* [WORK REQUEST] Entries below include pictures. Output exactly the lines from the one with "Figure 1: The behavior of f(t)" down to the one with "Kemp Channel Southwest", both ends included, and leave the pictures out.

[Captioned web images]
----

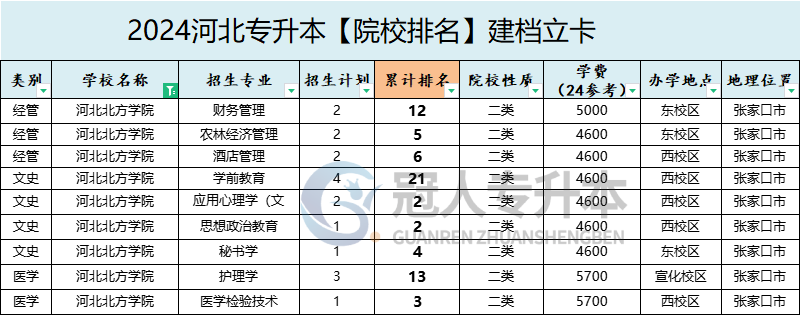 2025年河北北方学院专升本建档立卡院校排名参考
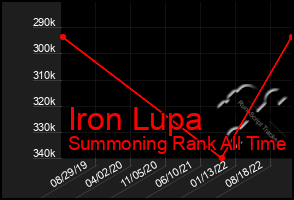 Total Graph of Iron Lupa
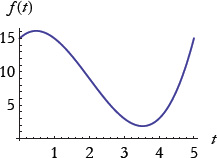 Figure 1: The behavior of f(t)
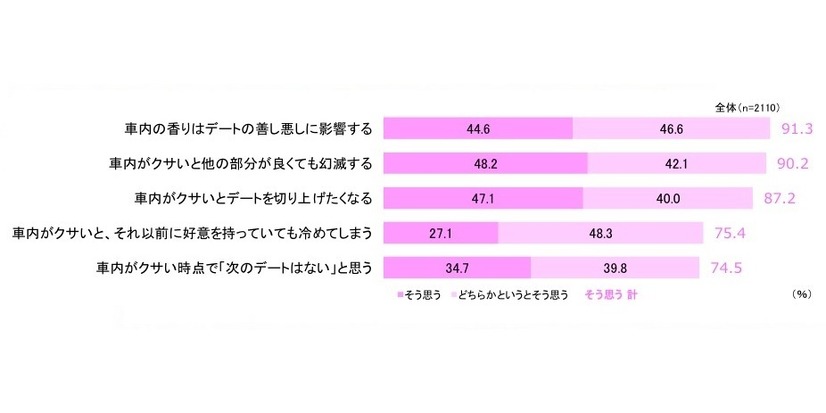 車がニオうデートの評価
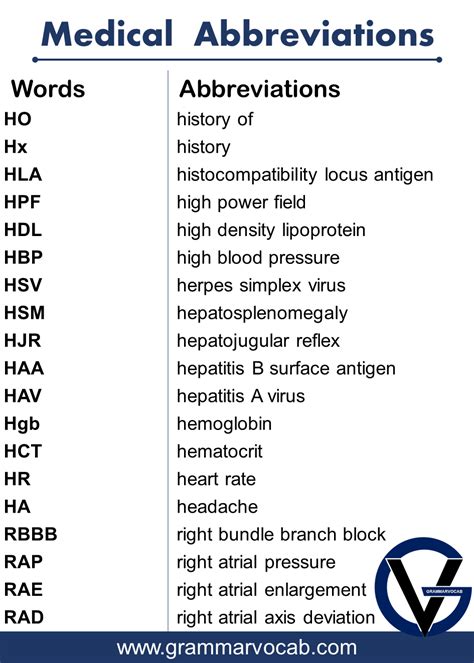 Common Medical Abbreviations Medtwitter Meded Thread From The Common Medical Abbreviations Medtwitter Meded Thread From The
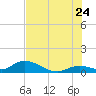 Kemp Channel Southwest tide chart for Wednesday, June 24, 2026
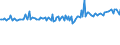CN 29035990 /Exports /Unit = Prices (Euro/ton) /Partner: Greece /Reporter: European Union /29035990:Halogenated Derivatives of Alicyclic Hydrocarbons (Excl. 1,2,3,4,5,6-hexachlorocyclohexane, 1,2-dibromo-4-`1,2-dibromoethyl`cyclohexane and Tetrabromocyclooctanes)
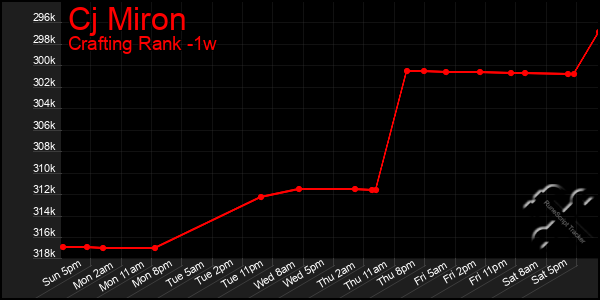 Last 7 Days Graph of Cj Miron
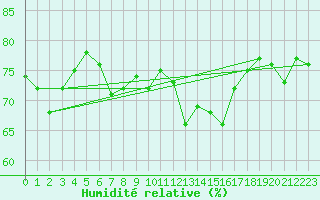Courbe de l'humidit relative pour Ile du Levant (83)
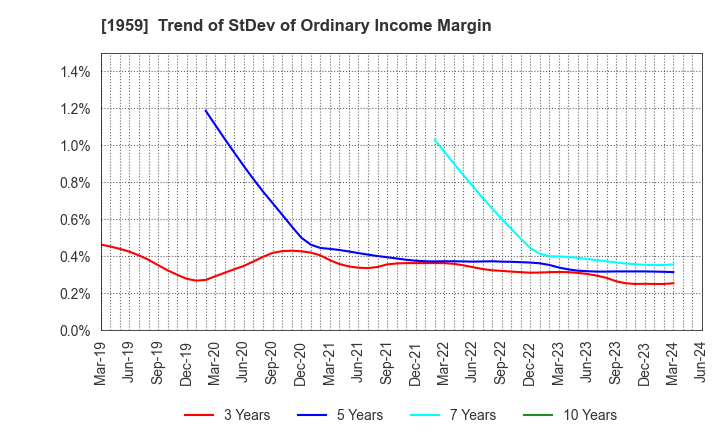 1959 KYUDENKO CORPORATION: Trend of StDev of Ordinary Income Margin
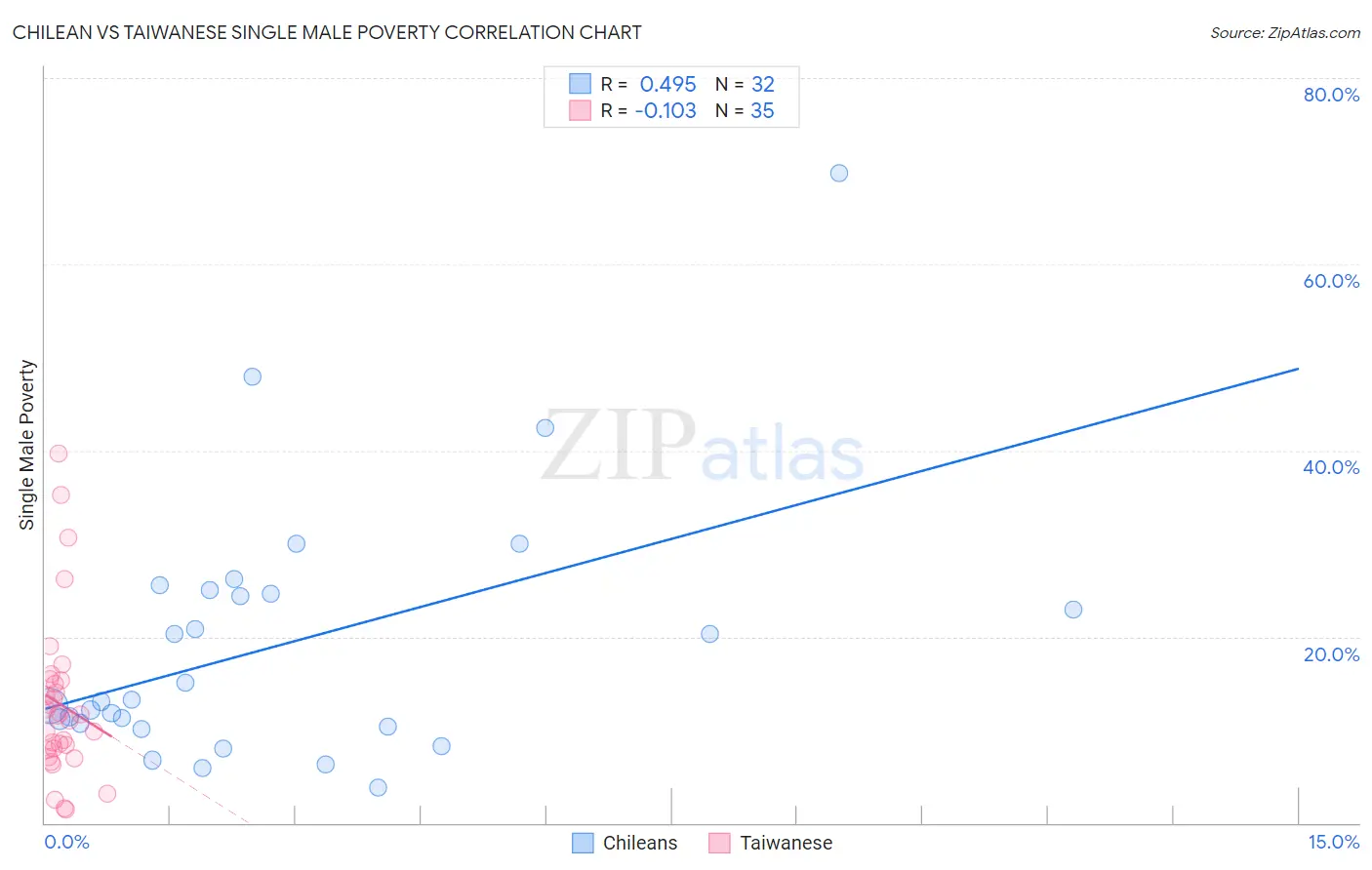 Chilean vs Taiwanese Single Male Poverty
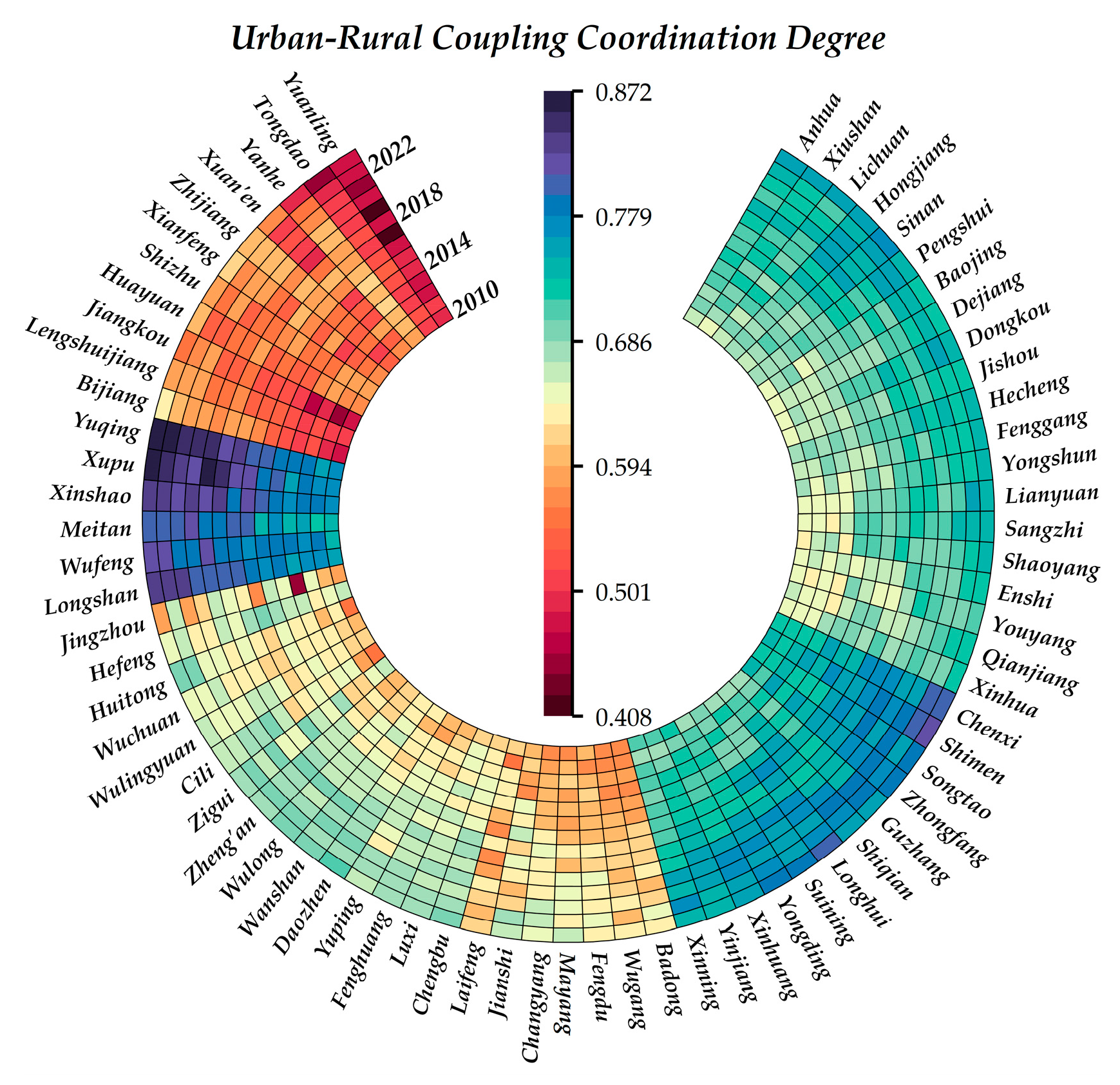 Sustainability 17 10010 g007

----

* [WORKED SOLUTION]
 Figure 1: The behavior of f(t)
 車がニオうデートの評価
 Common Medical Abbreviations Medtwitter Meded Thread From The Common Medical Abbreviations Medtwitter Meded Thread From The
 Kemp Channel Southwest tide chart for Wednesday, June 24, 2026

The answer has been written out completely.